Hoping people can help with experiences, or stories they have heard, so I know if this is possible or not.

I have a few products currently for sale under the same brand. I started out with two products, one of which has been profitable and has customers renewing annually, the other one not so much. (Let's call them type A). I've since created another, bigger app (type B) that I want to focus on entirely, traction already apparent, much bigger potential, but pre-revenue.

These are all apps available in a marketplace, with almost zero marketing collateral, etc. which is why I think they might be attractive to buyers.

If I wanted to carve off type A and sell that portion of my business, customers, code etc, but not brand, website or domain, how would I do that?

Reasons: I struggle with the time to support the profitable product having a full-time job (which I love) and a newer product (which I also love). Building and selling it has been a great learning experience.

My thinking is:
Create a separate instance of the backend (really minimal)
Clean up the code.
Set up a new marketplace account & transfer over the assets.
Share the email lists associated with those products. (2k)

Any help on what other steps I should take?
Is this possible?

on September 16, 2022
  1. 2

    This is possible and the approach you described is sensible.
    As long as the shared brand assets (website, social media channels, etc.) are not driving conversions, you are good. The buyer shouldn't care that they won't get those or that they have to do a minimal rebranding. Most likely the installs are driven by your organic ranking in the marketplace/app store and not by your brand assets.

    Of course, it would be even better if you did this split and held onto the asset for a little while just to show prospective buyers that this whole transformation has no negative impact on the revenue. Otherwise, the risk of this will be baked into your valuation and impact it in a negative way.

    1. 1

      That's a great idea. It is all organic so far, so proving it makes it much more obvious and less risky. Thanks for the tip.

  2. 1

    My clients often want to sell only part of their business or one of the assets (not an ad). The key rule is that this isn't only a technical process – but also a legal one. The buyer has to feel that they are properly protected legally.
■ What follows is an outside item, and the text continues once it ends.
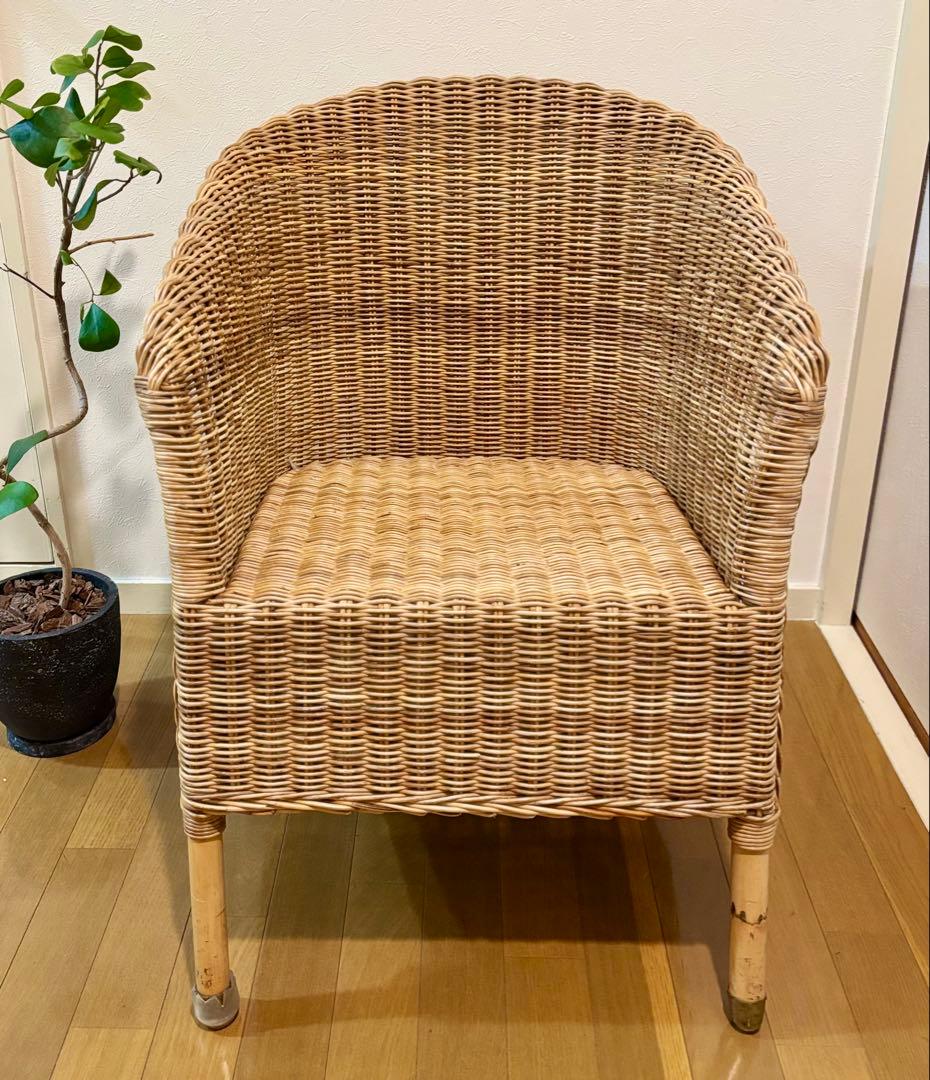ラタン製　籐　アームチェア ヴィンテージ　古家具
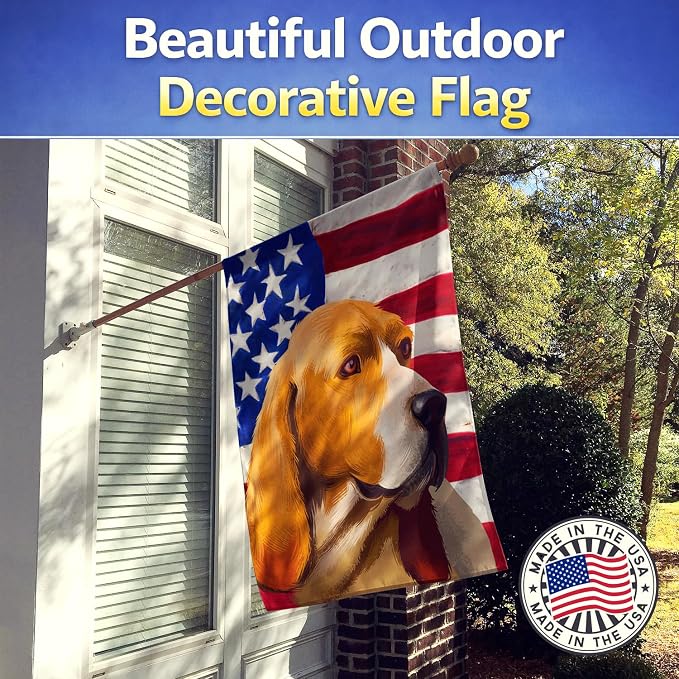 Caroline's Treasures CK6409CHF Artois Hound Dog American Flag House Flag Large Porch Sleeve Pole Decorative Outside Yard Banner Artwork Wall Hanging, Polyester, House Size, Multicolor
    In such cases, I advise setting up a special purpose vehicle – a separate company – and transferring type A products to it. This would allow you to have a separate balance sheet and show the specific profits associated with that company.
    We typically work with physical assets, not software, so I cannot advise on the nuances of transferring IP. But I guess googling or an hour with an IP lawyer can help to sort it out.

    If type A products use a domain name you are not selling, it's preferable to have a contract between companies according to which type A products pay royalties for using the domain name. This way, the balance sheet would more accurately reflect the value of product A without the domain.

    Hope it helps!

  3. 1

    I would highly suggest you to split the entity and run as two different entities before trying to sell this. This way the buyer would be confident enough to acquire.

    That is one of the reasons why payment handles like Paddle suggest you to have multiple accounts - one each for each business. This will make things simple when you actually sell the business.

    In this case, as your traffic is more from the marketplace, I hope changing the names/assets wouldn't impact much.